U.S. Route 40, which used to be called the National Road, was the first federally planned and funded interstate highway in America, linking the older eastern communities with the emerging frontier settlements of the Northwest Territory. In the early 1900s, it was known as the “Main Street of America,” making it a fitting route for my ride.
Pedaling into Columbus, saw lots of activity at the Veterans Memorial where it turns out they were having an annual WWII veterans tribute. So stopped in to share the trike with some of the “greatest generation.” Before leaving, noticed the luggage rack in the back was off kilter. Upon closer inspection, discovered all the weight I’d been lugging had finally taken its toll. The screws securing the rack to the body of the trike had shaken loose and one of the posts was now rubbing against the rear tire. Just hoping the threads inside aren’t stripped. Made it 53 miles today, but won’t be riding much further until I get this fixed.
My friend, Harvey Wasserman, credited with coining the phrase “no nukes,” had been laying the groundwork for me in Columbus and hooked me up with his friends, Bob Fitrakis and Suzanne Patzer, who offered me a room in their beautiful, historic home. Hung out at a local sports bar till they got home, then rolled over to their house and settled in for the night.

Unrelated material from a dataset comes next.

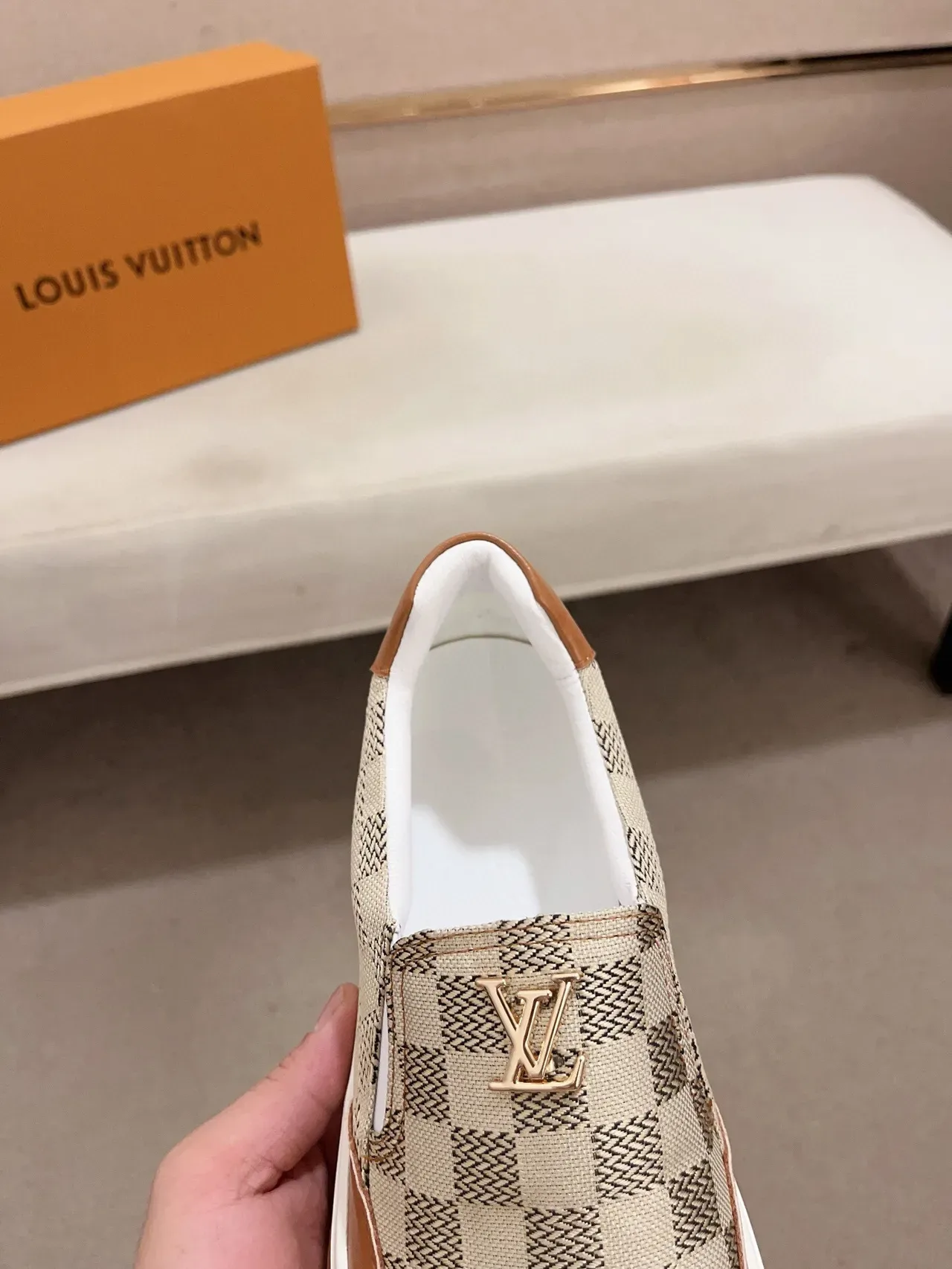 Louis Vuitton Beige Brown Slip-On Chaussures Lifestyle en Toile Monogram 6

Started the morning in my motel room editing more videos and updating the blog, then back on the road. Beautiful weather again (something I’ve been blessed with this whole trip), and more hawk encounters. Late in the day, hit a really bad stretch of road, where the shoulder was extremely narrow and a rumble strip hemmed me in with nowhere to maneuver. Fortunately, it didn’t last too long.
Finally rolled into Warrensburg around dinnertime and pulled into a sandwich shop to grab a quick bite to eat before pushing the final 11 miles to the state park campground. As I prepared to pay, a man walked up to me saying he saw me on the highway earlier in the day and he was buying my meal. Thanks, Shane Collins! Then another person walked into the shop and asked if I was the owner of the yellow trike. She said she saw me on the highway earlier and was fascinated with it, and wished I could have seen the looks on all the other drivers’ faces. There’s something really special about this rocket trike to generate this kind of reaction everywhere I go.

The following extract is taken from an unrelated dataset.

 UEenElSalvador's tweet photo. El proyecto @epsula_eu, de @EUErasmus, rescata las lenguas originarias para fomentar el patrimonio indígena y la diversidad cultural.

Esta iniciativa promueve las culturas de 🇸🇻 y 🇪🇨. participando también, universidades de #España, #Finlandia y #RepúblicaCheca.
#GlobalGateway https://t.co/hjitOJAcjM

Over dinner, I told Shane and his girlfriend, Kim, that I was hoping to visit the local air force base the next town over, and they asked if I wanted to visit the Missouri Veterans Home. I didn’t know one was here, so they put in a call to the director to see if they could set something up, but he wasn’t available. So I figured I’d just push on while there was still light to ride. Got back on Hwy. 50, and at the next exit saw a sign for the veterans home, felt a strong pull, and made a spontaneous decision to visit anyway, figuring the rocket trike might brighten a few veterans’ nights. I’d figure out where to sleep later. More synchronicity: right after deciding to make for the Veterans Home, my phone rang. It was one of my best friends, Rick Feller (who served his country in the National Guard).

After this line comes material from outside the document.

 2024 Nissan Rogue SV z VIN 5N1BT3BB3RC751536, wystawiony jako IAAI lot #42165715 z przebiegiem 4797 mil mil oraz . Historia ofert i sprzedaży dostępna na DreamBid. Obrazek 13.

So I rolled up to the front door, walked in, and asked if I could bring the trike inside. One of the employees commenced to get on the intercom to announce a “rocket trike is in the lobby, with a guy who’s supporting veterans and pedaling across the country.” What happened next is hard to put in words, but was profoundly moving. Veterans from several different wars started rolling into the lobby in their wheelchairs. I answered a bunch of questions about the trike (which everyone seemed to really enjoy), then had some very special one-on-one conversations with Americans who know the true meaning of sacrifice, thanking each of them for their service to our nation. It’s time for our generation to toughen up. 92-year old Frank Spicer, a World War II veteran, tried to adopt me on the spot, so I could stay overnight in the home’s guest room, but the people in charge weren’t buying it. Before leaving, I had the honor of interviewing Frank, a real American hero. First, he shared his D-Day experiences, then his thoughts on the need for green jobs for veterans.
I finally said goodbye, then rode a couple of miles in the dark (not recommended) to a seedy, run down hotel. Had a very strange conversation with the guy at the front desk that I thought might never end, but finally managed to get the room key. Then had to figure out how to fit my trike into a room already crowded with two beds. Thanks to the guy on the cell phone who moved his truck, and to Logan for pitching in without a word to lift the front of the trike over one of the beds. I’m not even halfway through the trip, and have already depleted most of my hotel fund, so hoping I make more campsites from here on in.